Still, Garfield may be dead but he lives on, his place not quite usurped, there beside Greta Garbo. This summer is still theirs. When he feels he has been kidding himself about the significance of yet another girl, he thinks of Greta Garbo. When he senses himself threatened by the arrogance of yet another hard-case, John Garfield stands beside him.

—AFTERWARDS
, he would be living alone in an attic flat in the Boulevard Haussmann in Paris. It was a bitter winter and lonely as a cabin in the Yukon. He shivered in his eyrie and went out into the cold for coffees and
tartines beurrées
to eke his money out and came back in to the novel he was working on and it sat staring at him silently as if it were a former friend who didn't wish to speak to him any more.

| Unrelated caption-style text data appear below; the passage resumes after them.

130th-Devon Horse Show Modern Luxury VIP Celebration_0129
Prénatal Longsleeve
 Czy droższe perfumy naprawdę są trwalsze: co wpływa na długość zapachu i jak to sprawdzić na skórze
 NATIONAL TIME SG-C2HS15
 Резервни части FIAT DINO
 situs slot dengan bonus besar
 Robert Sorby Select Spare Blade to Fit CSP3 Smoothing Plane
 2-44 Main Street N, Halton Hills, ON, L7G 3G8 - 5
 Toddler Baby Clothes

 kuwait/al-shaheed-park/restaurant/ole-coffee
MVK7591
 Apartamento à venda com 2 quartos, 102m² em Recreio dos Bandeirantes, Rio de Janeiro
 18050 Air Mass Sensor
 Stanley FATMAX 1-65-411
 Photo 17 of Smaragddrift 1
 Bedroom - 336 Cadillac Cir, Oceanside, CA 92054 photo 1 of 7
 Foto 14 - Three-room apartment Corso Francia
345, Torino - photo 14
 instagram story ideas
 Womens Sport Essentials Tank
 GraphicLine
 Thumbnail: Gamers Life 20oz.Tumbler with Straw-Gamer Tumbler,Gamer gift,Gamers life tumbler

But Francois, the man who had loaned him the flat, had the French intellectual's passion to make a library of experience.
He had one room full of books and tapes of old films and pornographic magazines. One of the books was a biography of John Garfield. Reading it, he knew he had been right about Jules Garfinkel all those years ago. He still loved this man, his trying to stay true to where he came from, the intensity of his political beliefs, the passionate dishevelment of his life, the dread of betraying his friends that finally burst his heart and left him lying dead in an awkward place before he had time to testify in front of the Un-American Activities Committee.